As if the specter of Tombstone had been awakened by these arrests, Wyatt’s youngest brother, Warren, was shot to death in July in Willcox, Arizona. Newspapers were quick to link his murder to Wyatt and his role in Tombstone’s Gunfight Behind the O.K. Corral. Warren’s killing was an unwelcome reminder that even in remote Nome, the Earps could not escape the past.

Nome was racked by political scandals and natural disasters that summer. Hurricane-force winds and rain kicked up waves that invaded Front Street and swept buildings into the ocean “in one tangled mess,” described George Parsons.  About 100 people died. In her only recorded act of civic engagement, Josephine collected money for storm victims.

The storm and scandals of 1900 were the last straw for many miners. As the temperature began to drop, the stampede was on again, only the direction had reversed. Everyone wanted to go home. Most adventurers left poorer, sadder and probably no wiser. “My family stayed up in Alaska about a year, then they came back,” Josephine’s grandniece (daughter of Alice) recalled. “They didn’t get rich. I have a gold nugget that my father dug out of the mines, that I wear as a clip.”

Wyatt sold ownership of the saloon to Hoxsie and transferred the Earps’ mining claims to Josephine’s brother Nathan. The Earps made some $80,000 (more than $2 million today). When the Earps boarded the SS Roanoke in the fall of 1901, Wyatt reportedly said, “She’s been a good old burg. Mighty good to us.”

What happened to the Earp fortune from Nome? Motivated by the thrill of making a fortune, rather than by the fortune itself, the couple speculated on mines, started businesses, lent money to family and friends, and gambled enthusiastically. Their marriage survived, but their savings drained away, and they relied on a subsidy from Josephine’s rich sister. Wistful about Alaska, Josephine even considered a return trip, writing, “I am just in for it, as I do want to find a good gold mine. And I think that’s the country.”

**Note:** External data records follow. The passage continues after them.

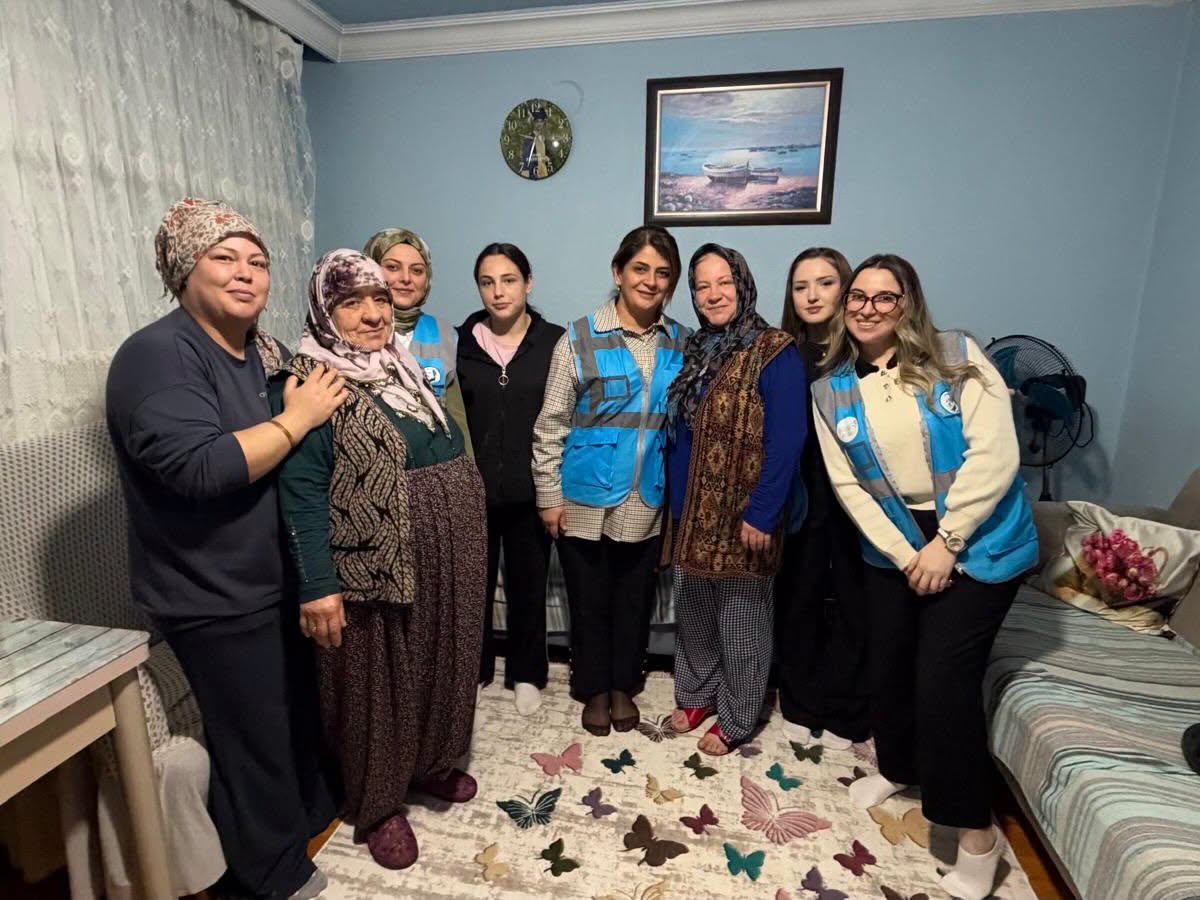 18 yaşına giren gençlere doğum günü sürprizi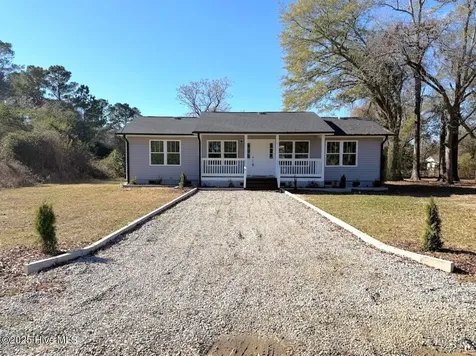 811 Anne Street Laurinburg NC 28352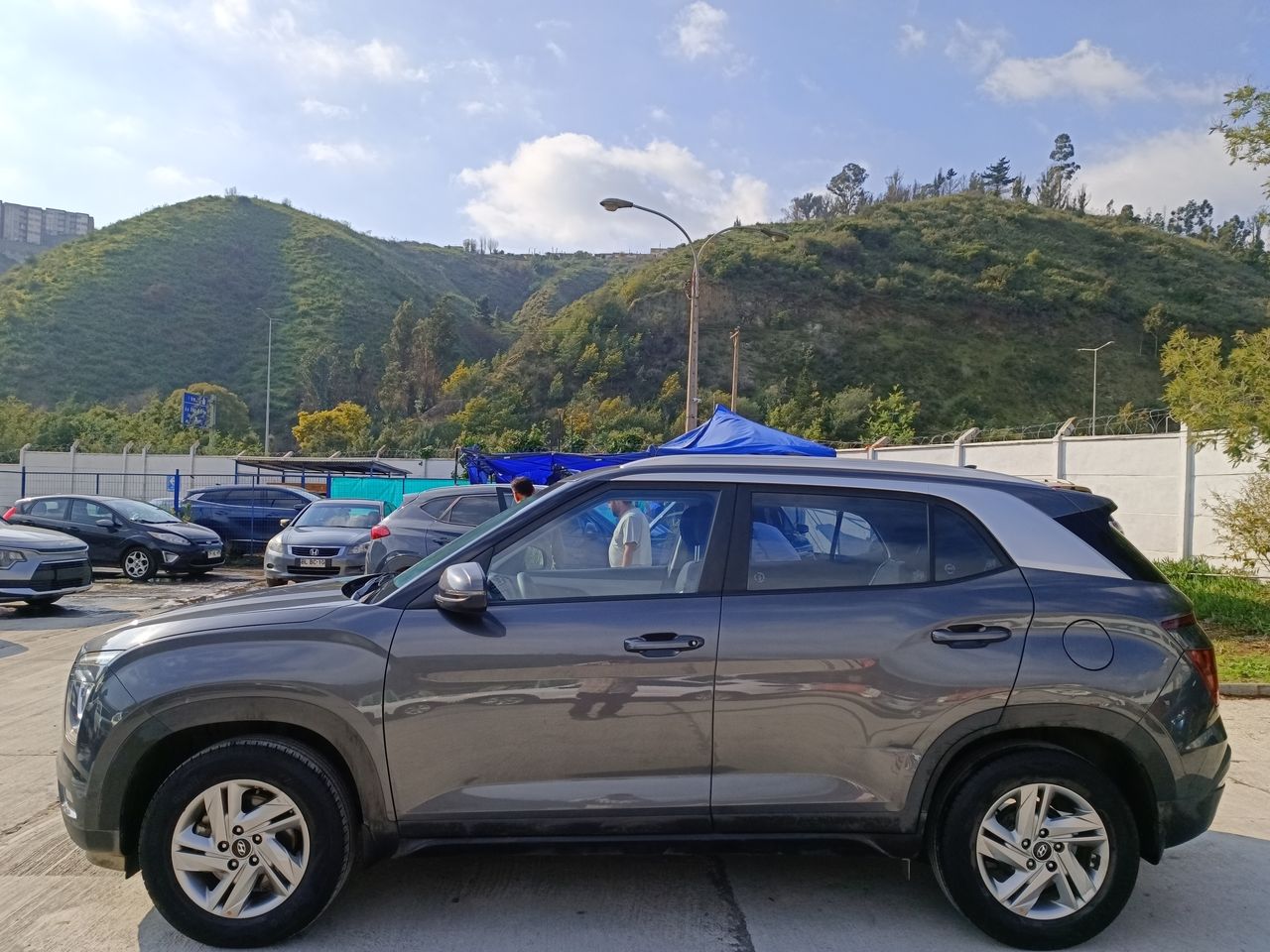 HYUNDAI - 4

But Nome’s greatest days as a mining sensation were over, and the Earps were aging. For most of Wyatt’s last decade, the couple lived frugally, shuttling between a one-room rented bungalow in Los Angeles and an isolated desert campsite where they slept under the stars. Theirs was a life of adventure, and a tale of the American frontier.

 

 

Ann Kirschner is the author of Lady at the O.K. Corral: The True Story of Josephine Marcus Earp and the university dean of Macaulay Honors College at the City University of New York.